La contraddizione non sta nel capitale (meccanicismo), nei suoi cicli, nel suo sviluppo, né nella resistenza politica da classe operaia.
Criticare il capitale non significa ristabilire la verità, denunciandone la falsa rappresentazione, ma rovesciarne il funzionamento. Non ci sono falsità che andrebbero smascherate. Non ci sono retro-mondi. Non ci sono verità sospese. Tutto è qui.
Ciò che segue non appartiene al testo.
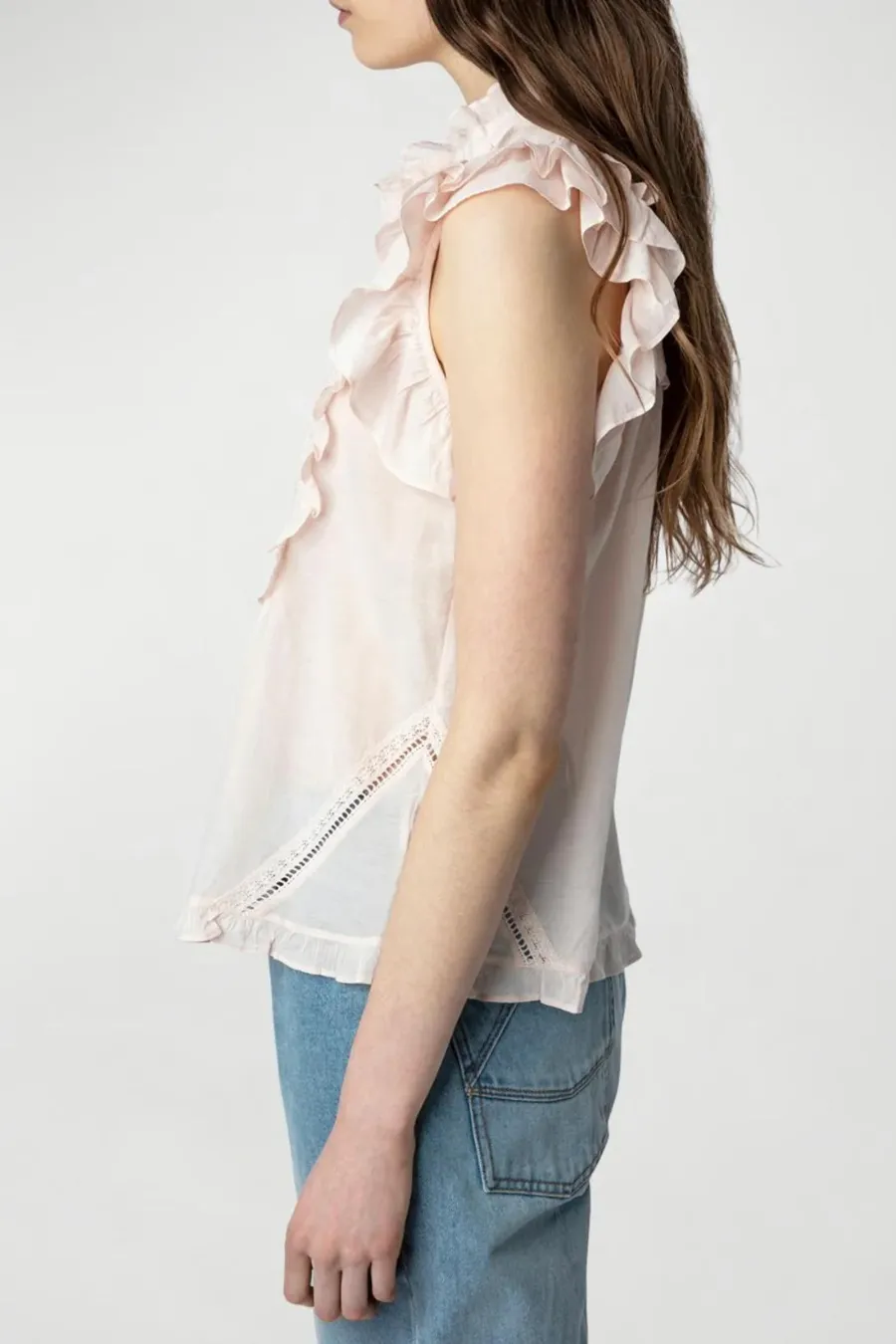 Tama Tomboy Top Dolls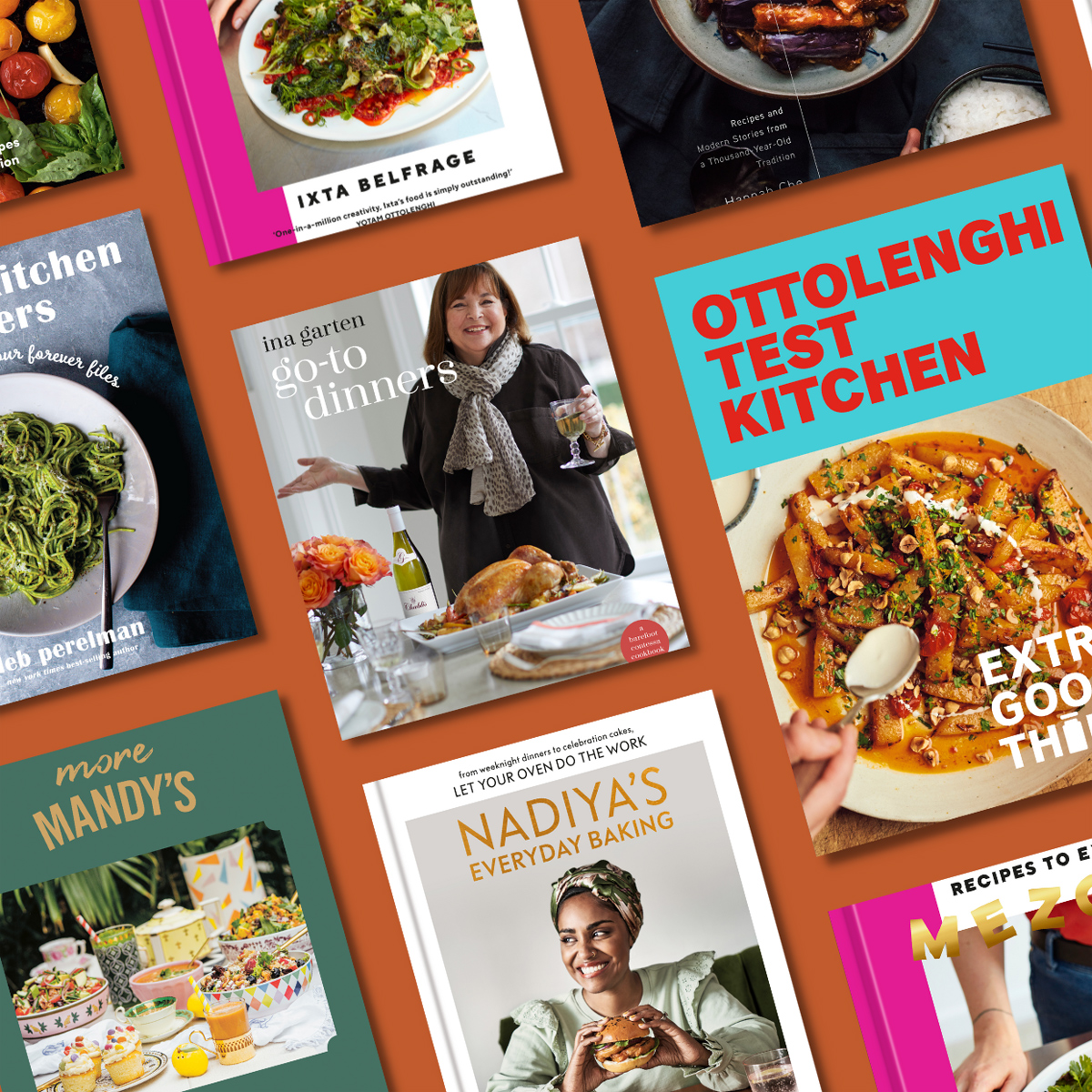 The Most Anticipated Cookbooks of Fall Penguin Random House Canada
Marx non studia il capitale, la produzione, la società eccetera, come ambiti di una sviluppo regolare, in cui si possono individuare leggi. Marx attacca il lavoro morto dal punto di vista del lavoro vivo. Si inserisce in un processo pratico di trasformazione della realtà. Attacca da un lato, e non può attaccare anche dall’altro. Non si pone dal punto di vista della società – ovvero della totalità. Quando si lotta per gli interessi di tutta la società, dice Bifo, la classe operaia si batte per il capitale. La visione complessiva della società, la visione tipicamente sociologica, è una visione del capitale. Il capitale ha necessità di vedere insieme il lavoro morto e il lavoro vivo, ha interesse di tenere insieme tutta la filiera, dalla nascita alla morte. Con la sua scienza sociologica, il capitale oggettivizza la società
IV
La lotta è lotta contro il lavoro vivo. Tutto comincia da qui, dice Bifo. Il processo di valorizzazione non può prescindere dal lavoro vivo produttivo. La lotta contro il lavoro comincia qui il suo percorso. Lotta dell’operaio contro il lavoro vivo, contro la forza lavoro. Lo schema è semplice. Il lavoro vivifica il capitale, basta togliere la spina del lavoro vivo.
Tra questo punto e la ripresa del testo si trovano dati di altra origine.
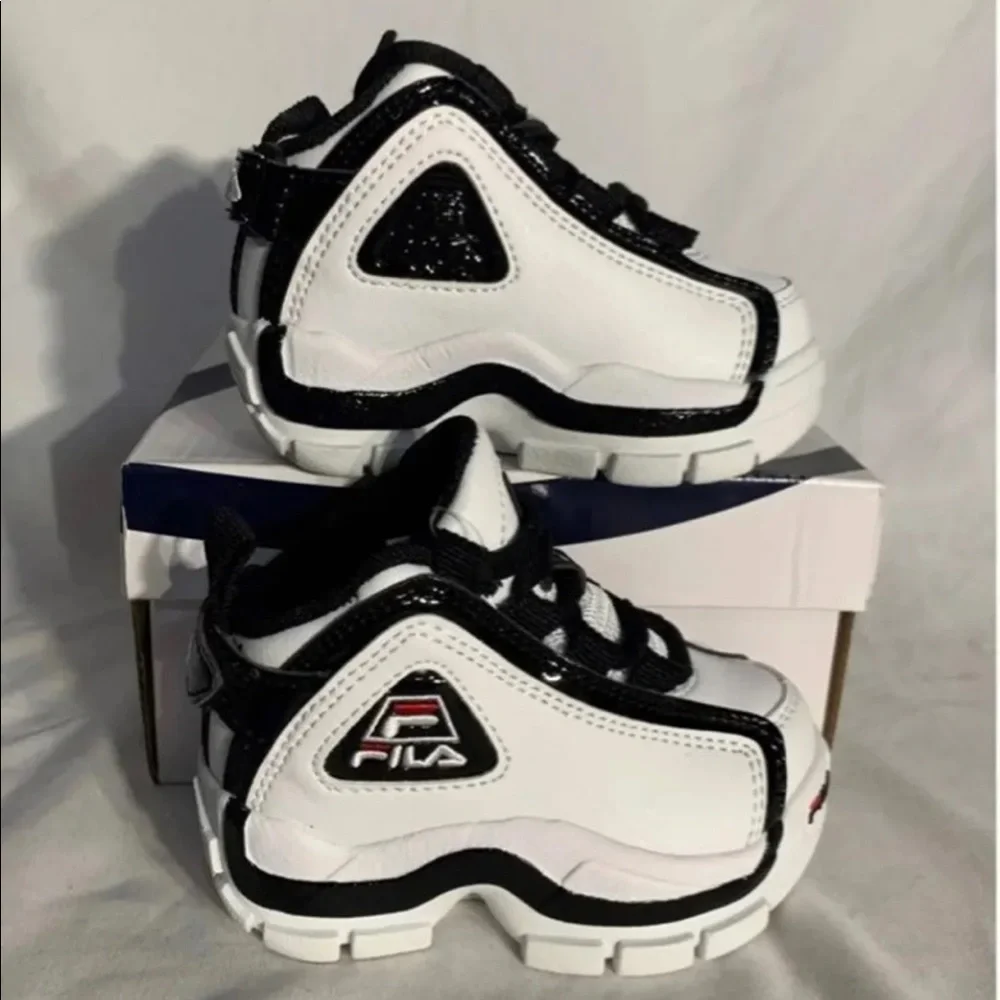 Fila‎ Grant Hill 2 Infant Toddler Sneakers New With Box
La rivitalizzazione del lavoro morto avviene a due livelli. Ad un primo livello, il lavoro vivo conferma il lavoro morto. Senza impiego di lavoro vivo il capitale semplicemente non esiste. Non c’è un capitale disponibile che, in un secondo momento, diventa capitale effettivo. Questo regno edenico e idealista, caro al circuitismo e al monetarismo, non c’è, non esiste. Marx lo ha chiarito bene nel capitolo sull’accumulazione originaria. Ad un secondo livello, la pressione della forza lavoro, impegnata nella produzione, tende a elevare il costo del lavoro, e a resistere alla intensificazione produttiva. Il capitale risponde aprendo un meccanismo repressivo che passa attraverso la sostituzione di lavoro con macchinario. L’aumento del costo del lavoro, anzitutto, rende più utile al capitale applicare nella produzione macchinario, sostituendo operai. La resistenza operaia al lavoro costringe il capitale a trovare il modo di ridurre i margini di autonomia del capitale variabile, e a chiudere sempre di più i suoi movimenti dentro i movimenti del capitale costante.
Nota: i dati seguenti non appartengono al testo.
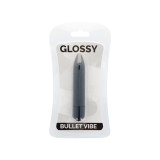 GLOSSY - DÜNNES VIBE SCHWARZ - Mini-Vibratoren | Vybes.it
In generale, dice Bifo, sono gli operai a determinare il progresso economico e tecnologico tramite una pratica antiproduttivistica – insubordinazione, autolimitazione, assenteismo.
Quando l’operaio inventa un metodo per recuperare tempo, il capitale sfrutta questo metodo, lo industrializza rivoltarglielo contro. La partecipazione dell’operaio alla modificazione del modo di produzione è rovesciata in riduzione continua dei margini di autonomia. Questo è ciò che si chiama furto dell’invenzione operaia.
Tutto ciò, dice Bifo, ha un risvolto negativo per il capitale. Più aumenta la resistenza e la lotta, più l’operaio viene sostituito dalla macchina, più aumenta la composizione organica, e più aumenta la capacità distruttiva del singolo operaio.
Infine, dice Bifo, l’attacco al lavoro vivo non va confuso con il luddismo. Quando accusano noi operaisti di luddismo commettono un grave errore. Il rifiuto del lavoro non è violenza contro il lavoro morto, difesa dell’occupazione. Tutta questa roba gli operai la lasciano gestire ai sindacati e ai “comunisti”. Il luddismo è tutto il contrario del rifiuto del lavoro; il luddismo è difesa del lavoro, è affermazione del lavoro vivo. Rifiuto del lavoro è una strategia complessiva: No alla civiltà del lavoro di Ulbricht, di Brand, di Mao, di Breznev e di Nixon.